When it comes to complementary or electronic currencies, the minds of many immediately run to bitcoin. In its official self-definition, Bitcoin presents itself as “the first decentralized peer-to-peer payment network.” A tool that works without direct intermediaries and without the control of any central authority, managed by a series of agreements between participants, structured through a code, developed openly by a distributed community.
Wikipedia defines bitcoin as a cryptographic currency and a global payment system created in 2009 by an anonymous inventor, known by the pseudonym Satoshi Nakamoto, who developed an idea that he presented on the Internet at the end of 2008. […] Bitcoin is not classified as a currency but a highly volatile exchange medium by financial experts.
Unlike most traditional currencies, bitcoin does not use a central body nor sophisticated financial mechanisms; the value is determined solely by the leverage of supply and demand: it uses a database distributed among the nodes of the network that tracks transactions but exploits cryptography to manage functional aspects, such as the generation of new money and the attribution of ownership of bitcoins.
Let’s look at the first significant difference with the BAX.
Bitcoin does not have an equivalence relation with the dollar or with another official currency, but it is a tool whose value is variable and therefore very suitable for financial speculation. For example, I can buy bitcoins in dollars and perhaps sell them in euros, taking 5% of the arbitrage between entry and exit. Or I can use bitcoin to buy in debt, make bets against stocks or other cryptos (so I make a profit if someone loses). Some even “lend” bitcoins with interest. All of which, fortunately, can’t be done with BAX.
Also, from Wikipedia, we discover that The Bitcoin network allows for the anonymous holding and transfer of bitcoins. […] The peer-to-peer structure of the Bitcoin network and the lack of a central body make it impossible for any authority, governmental or otherwise, to block transfers, seize bitcoins without possession of the corresponding keys or devalue them due to the introduction of new money.
And here comes a second fundamental difference.
While if I use BAX, each of my transactions is tracked, using bitcoins, I can buy weapons, drugs, or any other illegal product anonymously. Moreover, if, on the one hand, the former is easily tracked by the tax authorities, the latter can allow an attacker to evade them.

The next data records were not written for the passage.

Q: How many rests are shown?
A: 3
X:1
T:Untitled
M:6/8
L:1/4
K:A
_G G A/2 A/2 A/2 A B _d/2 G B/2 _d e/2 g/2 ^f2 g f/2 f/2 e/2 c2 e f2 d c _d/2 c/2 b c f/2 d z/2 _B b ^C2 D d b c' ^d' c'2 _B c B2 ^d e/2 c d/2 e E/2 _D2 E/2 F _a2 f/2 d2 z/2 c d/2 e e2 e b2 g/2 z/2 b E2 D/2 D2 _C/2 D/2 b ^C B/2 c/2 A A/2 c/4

The BAX founders point out that Bitcoin is based on a conception of currency as an object, with an issue programmed in time and established a priori and with a fixed monetary mass:
It is a cash system, without a nation behind it, without credit risk, but with all the limits that derive from the choices that have been made! Bitcoin is an object currency, BAX is an information currency. The former is without a main central administration; instead, we operate in the real world and therefore answer to a legal entity, which allows for accountability and trust. In the cryptocurrency sector, “Don’t trust, verify” is often repeated, but how many of them actually know how to verify?
CONCLUSION: They are different things. We are born with a different spirit, a different approach to reality. Our goal in itself is very ambitious: bitcoin wants to replace the dollar. But if their enemy is the dollar, why have they created an instrument convertible into that same currency?